Moving toward a better balance

Once you’ve set ground rules for yourself, achieving a better work-life balance can help clear away other stressors. Don’t take shortcuts here: Either you make work-life balance a priority or you don’t. If you decide to make it a priority, recognize you don’t need to change everything at once. Just making a few changes can lead to better-than-expected results.

More effective time management

For most clinicians, practicing better time management is a challenge because we have so many demands we may perceive as conflicting. Here are ways to manage your time more effectively:

  • Sit down with your spouse or partner to discuss and negotiate relationship expectations.
  • Align your priorities and values between home and work.
  • Look for areas where you should set limits and boundaries on your time—both at home and at work—and stick to them.
  • Set limits with patients while still conveying empathy and instilling their confidence in your care.
  • Seek mentors who model good time management, and ask for their advice and guidance.
  • Work on self-acceptance for the person you are today. Acknowledge that you’re doing your best, and keep boundaries by trusting and allowing others to do their job.

Stronger relationships

Relationship problems can be a great drain on your time and emotional energy. Here are some ways to strengthen your relationships both at work and at home.
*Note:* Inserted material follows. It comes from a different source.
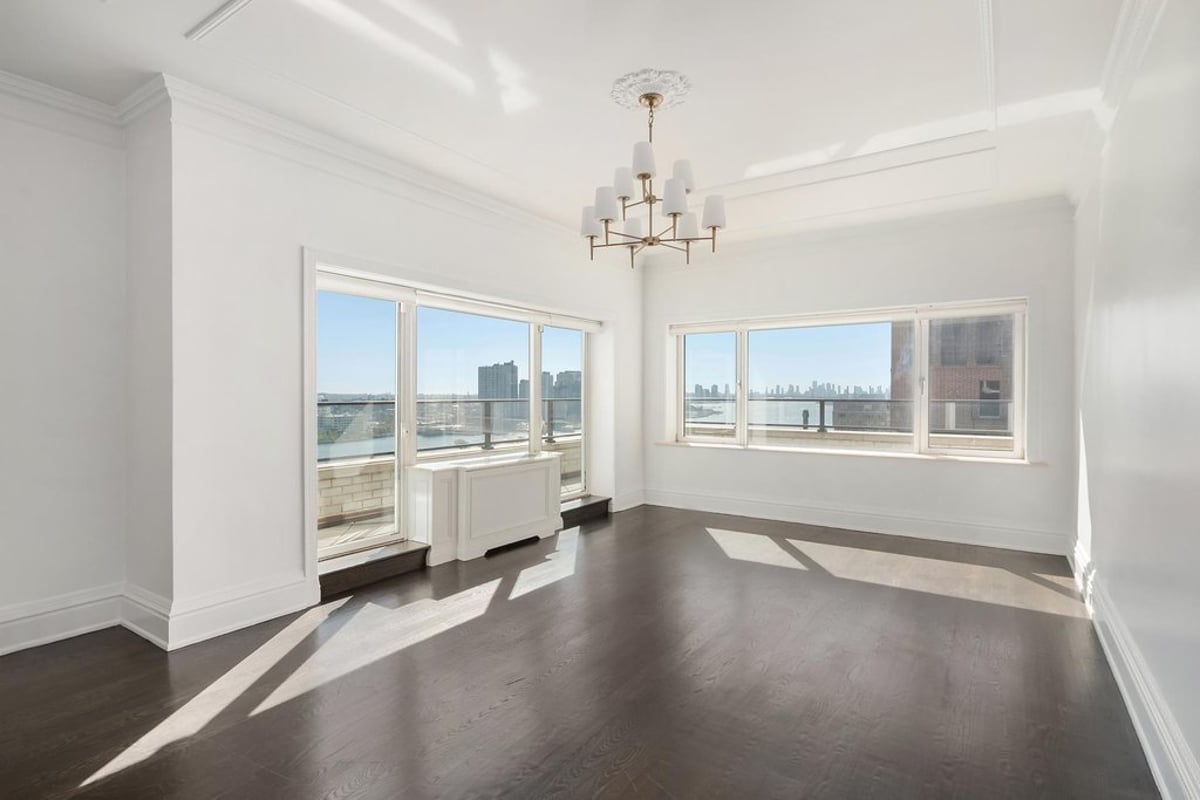 Photo for 35 SUTTON PLACE - 35 Sutton Place Cooperative in Midtown East, Manhattan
  • Engage in necessary conversations regarding conflict. Addressing conflict and moving beyond it can make an enormous difference in your feelings and perceptions.
  • Set regular times to get together with family and friends, and stick to those plans. Find time for regularly scheduled family meetings and meals together. Everyone may have to give a little to make this happen, but it will be worth it.
  • Give people the benefit of a doubt and avoid jumping to conclusions. Work on identifying obstacles to trust.
  • Be open to reasonable feedback.
  • Ask for help and delegate responsibilities and duties when possible.

Better self-care

Make yourself a priority by practicing good self-care. To build “down” time into your schedule, take restorative breaks throughout the day. Enroll in a yoga, Pilates, or mindfulness meditation class or other activity that helps reduce stress. Read fiction, write in a journal, or meditate.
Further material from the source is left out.